→ **Input**:
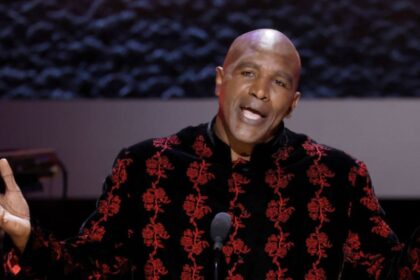 "From Poverty to Glory: Evander Holyfield’s Unforgettable Journey to Boxing Greatness"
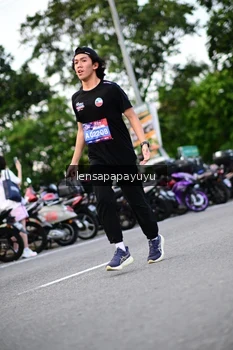 Runner Photo 4117303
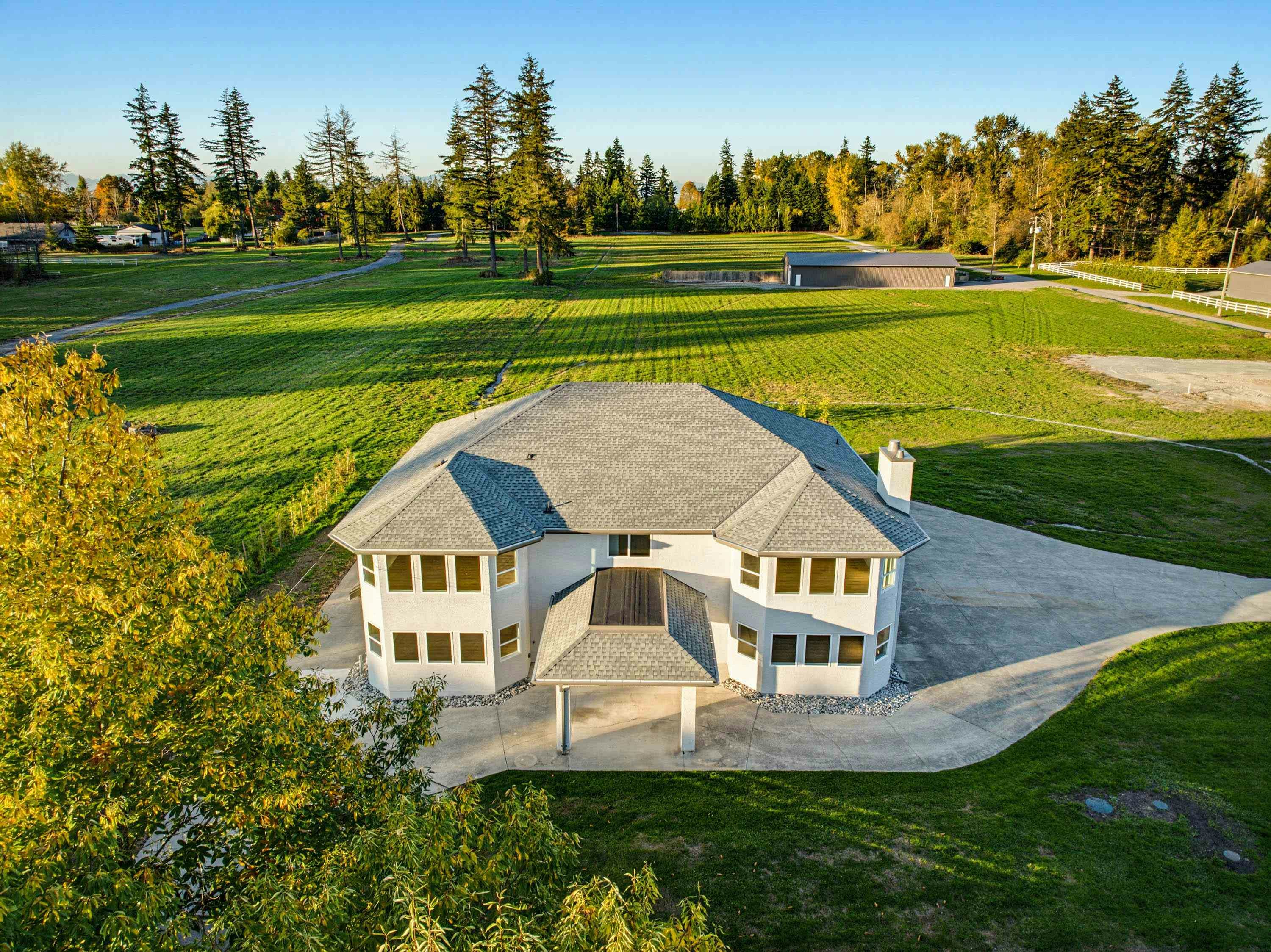 22787 24 Avenue - 5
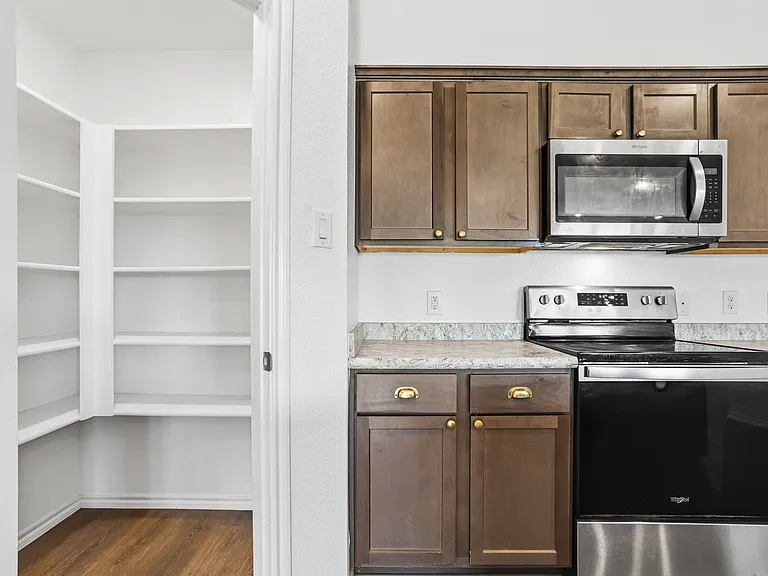 3006 Pitchfork Way — Photo 7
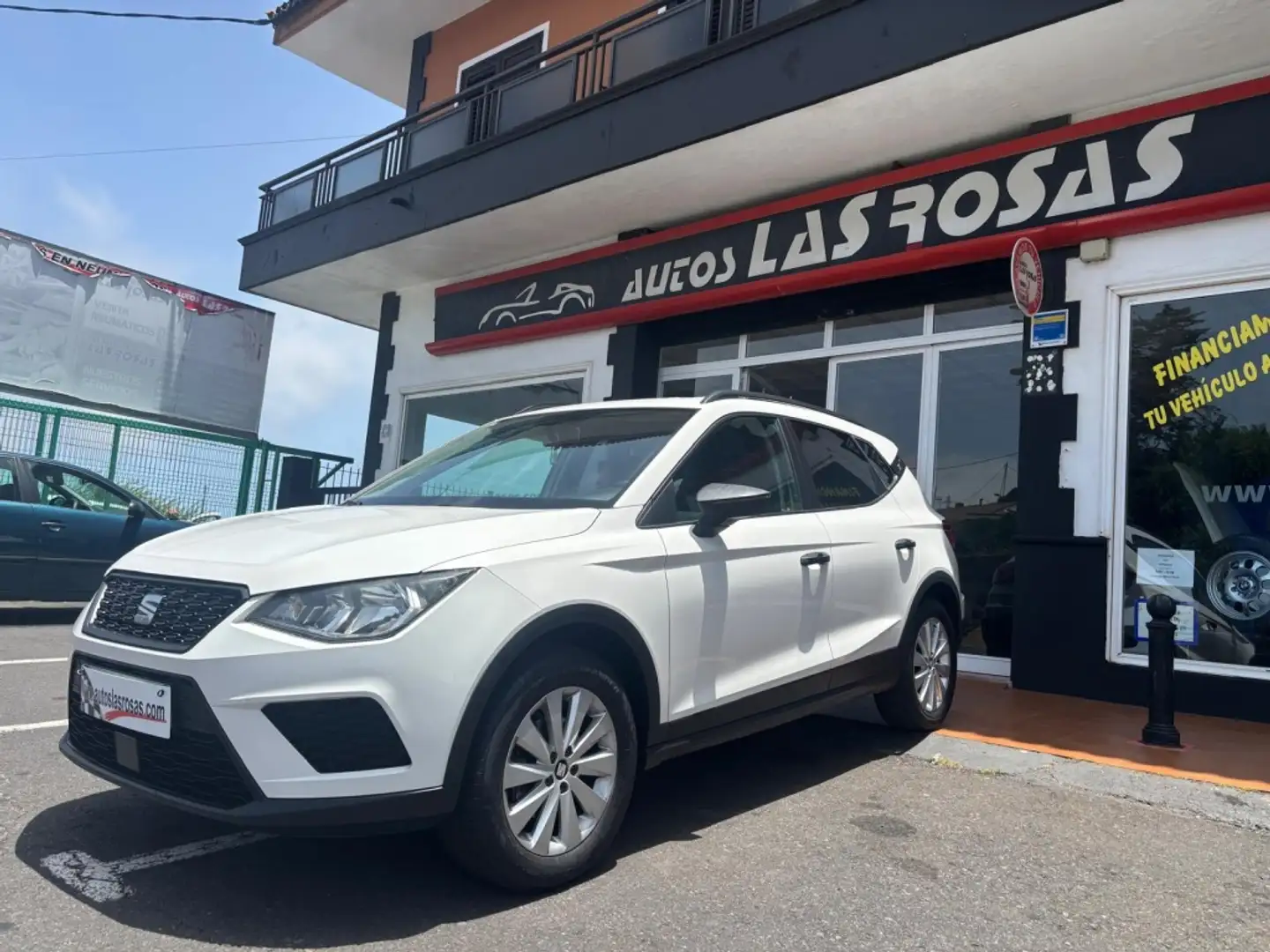 SEAT Arona Familiar Manual de 5 Puertas Blanco - 1
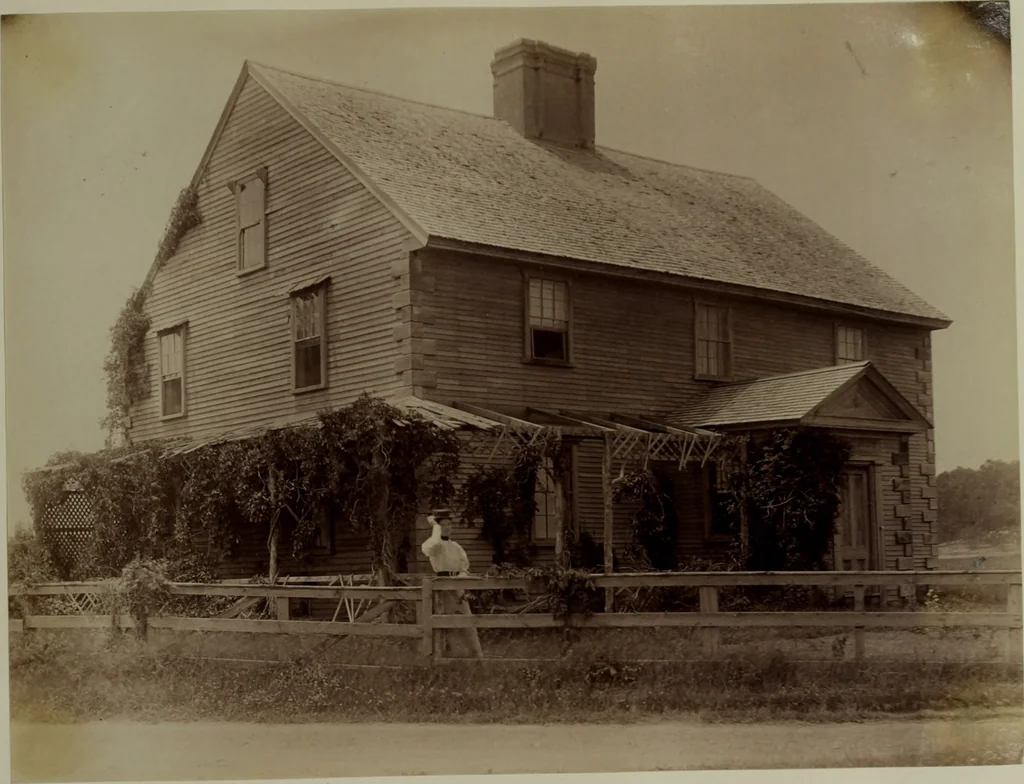An illustration from Halliday's collection of photographs of colonial and provincial houses, 1628-1775, 1894, leaf 40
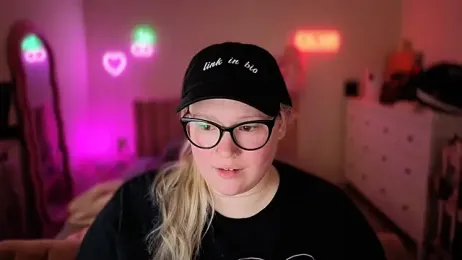 PiggyRose webcam model stream image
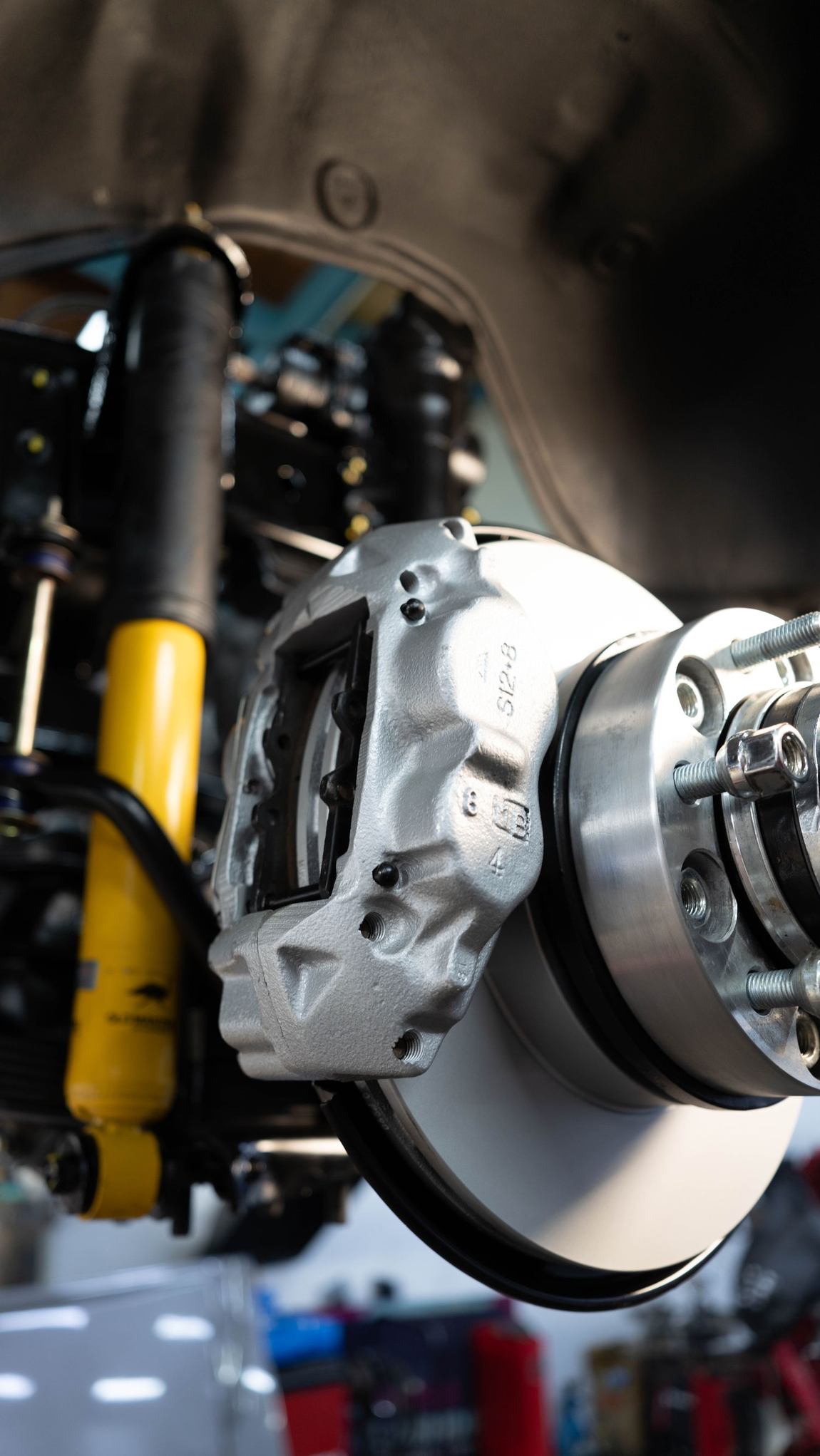 Front hub, steering and Old Man Emu suspension detail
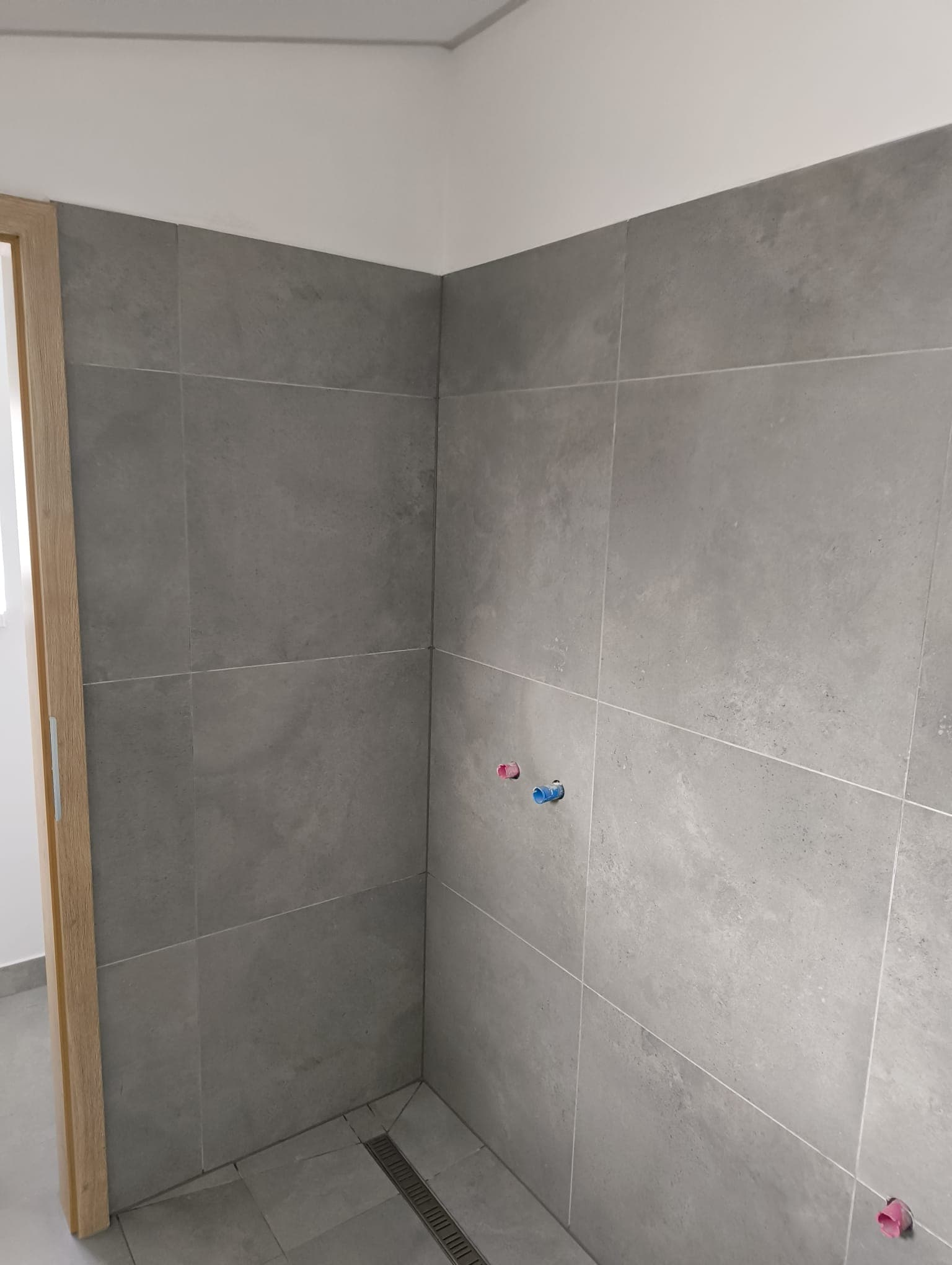 Pokládka dlažby a obložky dverí v kancelárskych a pracovných priestoroch - fotografia 14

→ **Instructions for the task**: All of the listing above has to be reproduced exactly, though without its images.

→ **Task result**:
 "From Poverty to Glory: Evander Holyfield’s Unforgettable Journey to Boxing Greatness"
 Runner Photo 4117303
 22787 24 Avenue - 5
 3006 Pitchfork Way — Photo 7
 SEAT Arona Familiar Manual de 5 Puertas Blanco - 1
An illustration from Halliday's collection of photographs of colonial and provincial houses, 1628-1775, 1894, leaf 40
 PiggyRose webcam model stream image
 Front hub, steering and Old Man Emu suspension detail
 Pokládka dlažby a obložky dverí v kancelárskych a pracovných priestoroch - fotografia 14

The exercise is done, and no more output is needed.